Johann August Zeune (12 May 1778 –14 November 1853) was a German teacher of geography and Germanic languages, as well as the founder of the Berlin Foundation for the Blind.

Life 
Zeune was born on 12 May 1778 in Lutherstadt Wittenberg as the son of Johann Karl Zeune, professor of Greek at the University of Wittenberg. In his parents' house, he was educated by his father and tutor. In 1798 Zeune started studying at the Wittenberg University enrolled. He graduated with his thesis on the history of geography, and was awarded for a short time the dignity of an academic faculty, as a Quasi-professor of Geography. His novel „Höhenschichten-Karte” "Topological map" of the earth, had made him famous in academic circles.
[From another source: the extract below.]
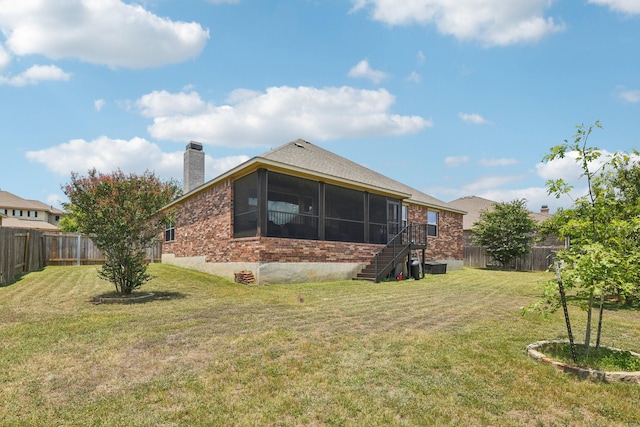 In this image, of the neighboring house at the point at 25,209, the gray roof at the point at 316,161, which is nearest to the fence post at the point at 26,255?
the gray roof at the point at 316,161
In 1803, he moved to Berlin and became a teacher at the Gymnasium zum Grauen Kloster. In Berlin, where he lived as a scholar, he was on friendly terms with Johann Gottlieb Fichte and the historian Johannes von Müller. He applied unsuccessfully for an expedition into the interior of Africa, and shortly thereafter went into the "inner world of the blind". In the field of ophthalmology Zeune expanded his knowledge to the founder of the first European foundation for the Blind, Valentin Haüy in Paris. King Frederick William III decreed on 11 August 1806 to create a foundation for the blind in Berlin. Zeune was offered that job. On 13 October the same year he was able to start classes. It was the first blind school in Germany.

With money from friends and his own fortune, he saved the school by the time of distress.  Johann August Zeune was a professor of geography in 1810 in Berlin. From 1811 to 1821 he lectured at the University of Berlin also about German language and literature. Educational skills were presented in his Manual of Education of the Blind "Belisarius" (1808) and the work "Gea. Attempt at a scientific geography" (1808).

After the French occupation, he joined as a political journalist of decidedly patriotic stance.

As a Germanist, Zeune stood under the spell of romantic notions. He fought against the usage of foreign words and worked on the publication of the Nibelungenlied; of which he published a prose translation (1813) and a paperback edition (1815).

August Zeune died on 14 November 1853 in Berlin, after he had lost his eyesight in old age. He was buried at the Berlin St. George's Cemetery in the Greifswald Street 229/234.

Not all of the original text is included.